Wednesday, April 29, 2020

PC Tips from Darkest Dungeon

Darkest Dungeon has some lessons to teach a player for a tabletop old-school game. Chronologically it's the reverse - Darkest Dungeon rewards you for playing like you memorized Gary Gygax's advice in the back of the AD&D Players Handbook.

Here is are some "Darkest Dungeon" tips and how they apply to the tabletop.


Have a Plan

You can't just go willy-nilly after an adventure. Unless circumstances force you to just go and see, have a plan for what you want to do. Even if you have to just go and scout around and hope . . . make that the plan and go with reconnaissance in mind. Know what "success" looks like for the plan, what is a sign of failure, and have a secondary objective in case the primary one is out of reach. And if things aren't going well . . . see "Managing Risk" and "One More Room," below.

"Go in and find enough loot" is a hope, not a plan. It's a definition of success not a plan of action.

Bring the right people.

You need a mission that suits your party and a party that suits your mission.

In DD this means choosing the right four and the taking them against the foes and into the areas that best suit them. On the tabletop, this means only going to places you can handle with the group you have. If you need to purge a temple of evil, have your cleric. If you need to fight a large force of fodder types, bring your multiple-attacking fighters. If you need to fight one big monster, make sure you've got at least one guy who does high damage. Etc.

Bring the Right Stuff

You don't have unlimited money and encumbrance (item slots in DD, weight in most tabletop games), so you can't bring enough of everything. You need to decide what you absolutely need to succeed and bring that, and some "this would be nice" stuff if you can afford it with money and space. But it also means don't bring more than you need - the "everyone has a 10' pole" line from Gygax in the PHB is apt, here.

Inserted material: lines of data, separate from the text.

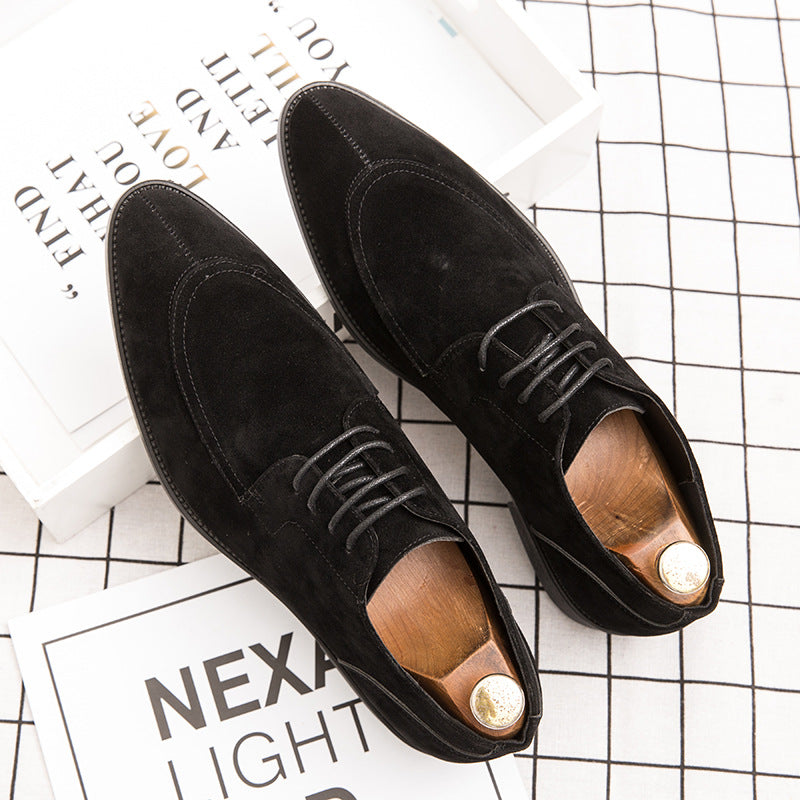 Vintage British Suede Leather Men's Casual Shoes
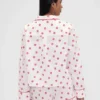 Gap × Summer Fridays Relaxed Poplin Kiss pyjamashemd
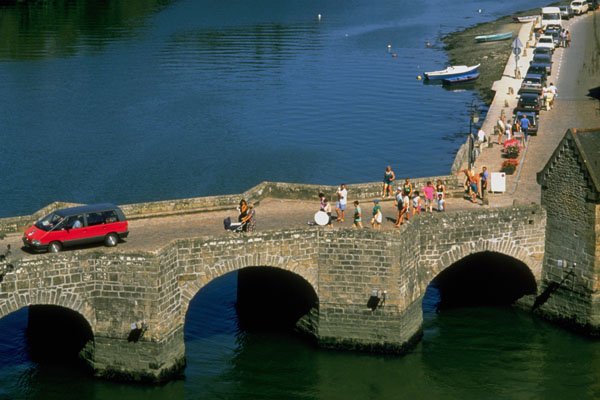 791029 Bridge, Auray, Brittany, France A4 Photo Print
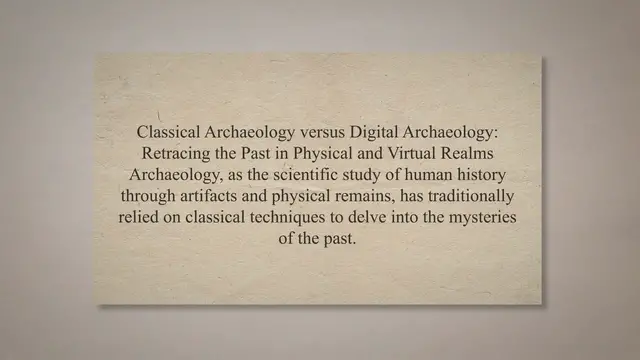 Video thumbnail for Classical archaeology versus digital archaeology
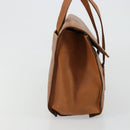 LOEWE Hand Bag Leather Brown Gold Auth bs35163-4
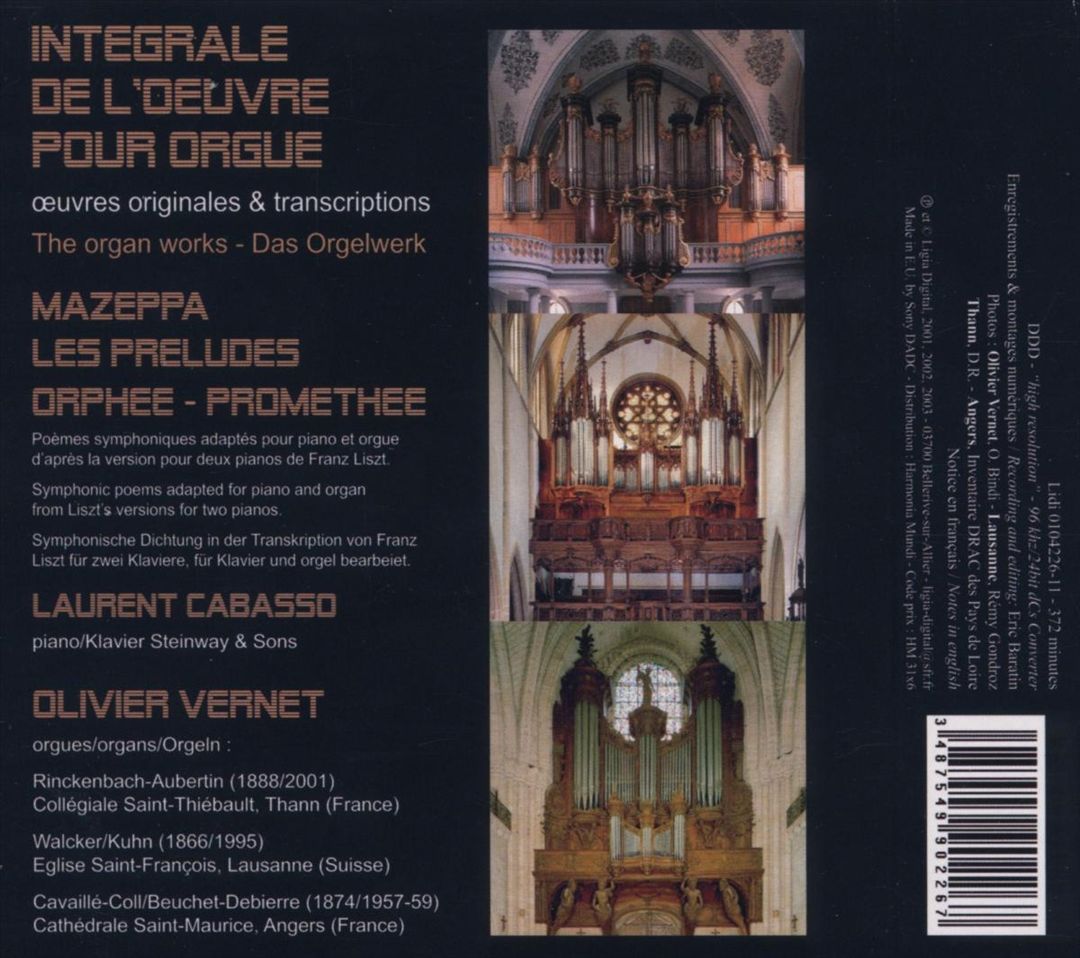 Liszt cover art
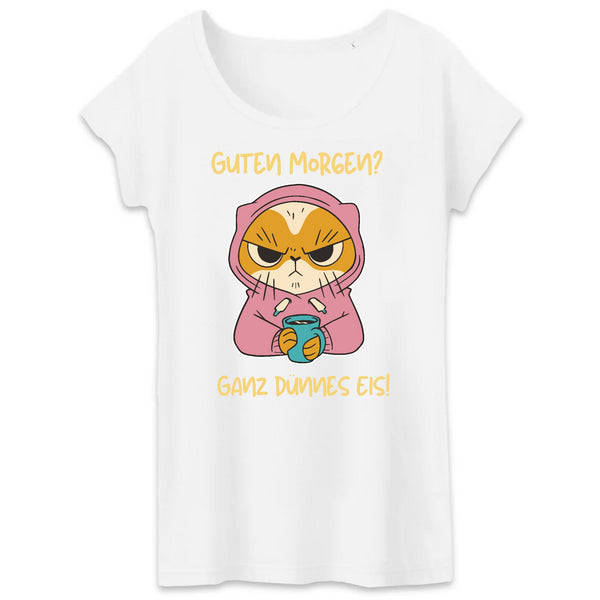 Papero T-SHIRT - BIO- Cat Guten Morgen, dünnes Eis - Damen Neueste Stile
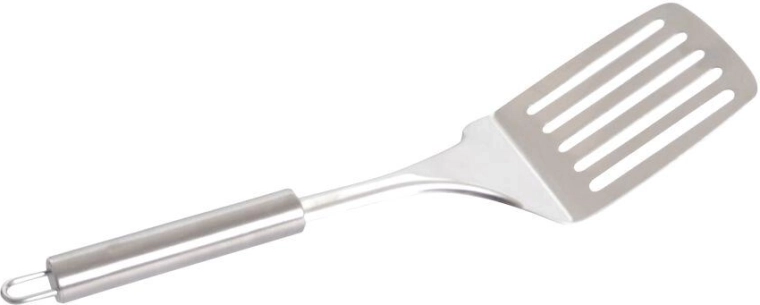 Nerezová děrovaná obracečka 33,5 cm s očkem na zavěšení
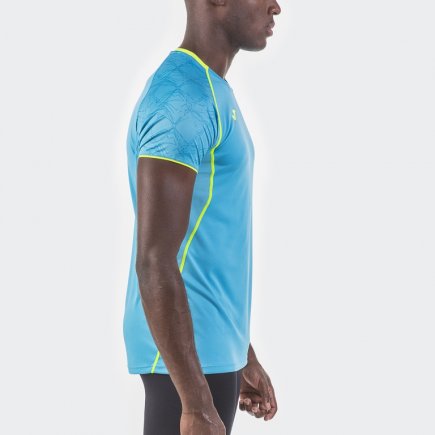 Футболка ігрова Joma Olimpia 100736.010 колір: блакитний/жовтий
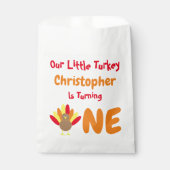 Sachets En Papier Little Turkey 1er anniversaire (Devant)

Extras are nice, but overages are still overages. Don't over-pack and don't under-pack.

Food and light sources, though - you probably can't overdo those in most cases. Aim to end with extras, just in case things take longer than you thought.

Don't Get Distracted

DD is full of curios. Most of them are a bad idea to touch, at least some of the time. Best bet? Don't touch them. Ignore them and move on unless they're part of the mission or clearly, unmistakeably treasure. Even then, have a care. Tabletop . . . the same. If you have a plan of action that doesn't involve some distraction, avoid the distraction. Get in, get your plan executed, and get out safely.

Manage Risk

You need to be bold and take risks to get anywhere in games of these sorts. But don't be bold when there isn't a reward, and don't take risks you don't need. But cuation won't get you anywhere. If you're being totally cautious and careful you won't get anywhere. You'll need to risk injury or death, put resources on the line, or flat-out just expend permanently resources you can't replace in the service of getting to your goal.

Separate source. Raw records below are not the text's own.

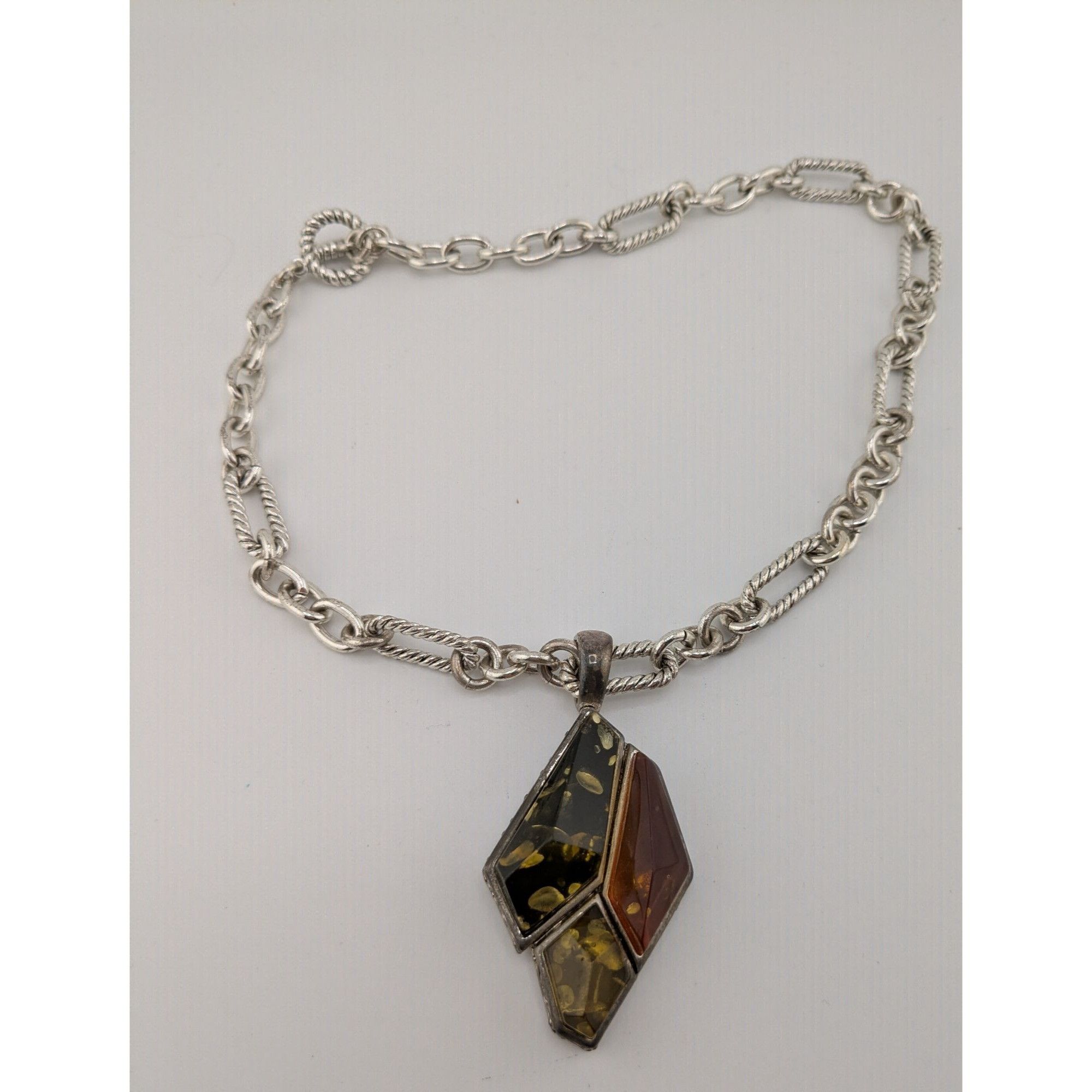 Other Vintage Confetti Lucite Pendant Necklace With Chunky Silver Size ONE SIZE - 6 Thumbnail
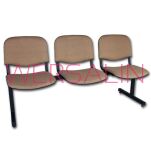 Ławka ISO - 3 siedziska - 2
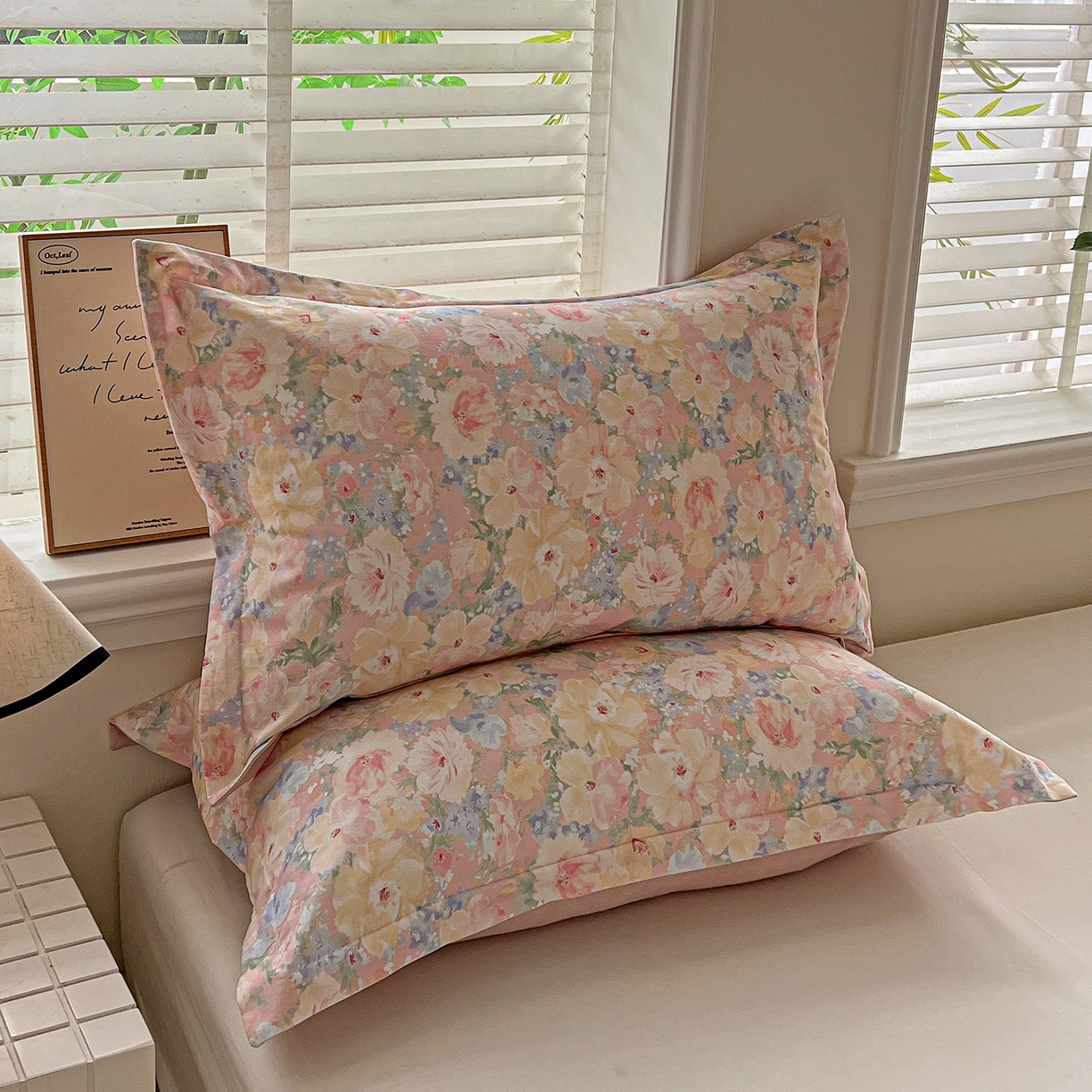 91家纺网 家纺一手货源 找家纺 依庭 2025新款高克重全棉纯棉磨毛印花单枕套 仙女星辰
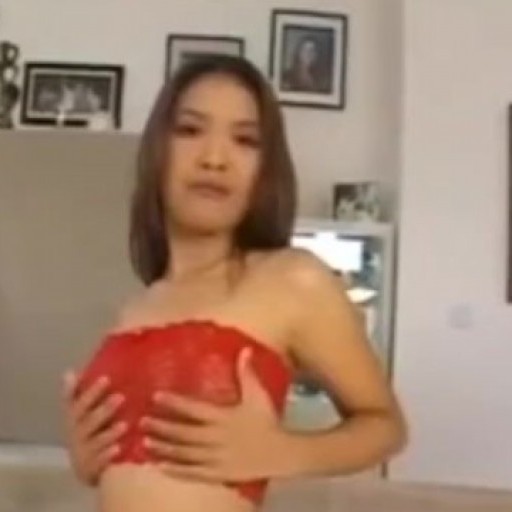 Asian babe gets fucked and defaced by huge cock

Risk has to be managed - when the risk comes with a certain reward, you may need to take it. If you're always being very careful, eventually, you'll be unable to complete your missions and run out of resources. That goes for DD and on the tabletop.

Don't go "one more room."

If the mission is successful, unless you have absolute certainty you have easy profit and no or minimal loss, just end it there. Get out. Don't go another room, another fight, another hallway. Just leave. Anything less than certainty is risk, and risk isn't your friend. Sometimes "one more room" pays off. But in general, it's not going to.

This is especially true if you're either just being a completist. And for those moments when you're saying, "Well, that door probably leads to an empty room, which would be great, so let's just open it and make sure it does." You know, those moment when you don't want it to be a monster, a trick, a trap, a puzzle, or mystery. So just leave it alone. Make it part of the next plan, for next time, and come prepared. But don't risk victory trying to make it a more complete victory. Or risk a near-TPK becoming an actual TPK because you decided just to check out that one thing on the way home.

Actually if this whole post has one takeaway for you, let it be this one. Don't go "one more room." It's far more often a mistake than a good decision.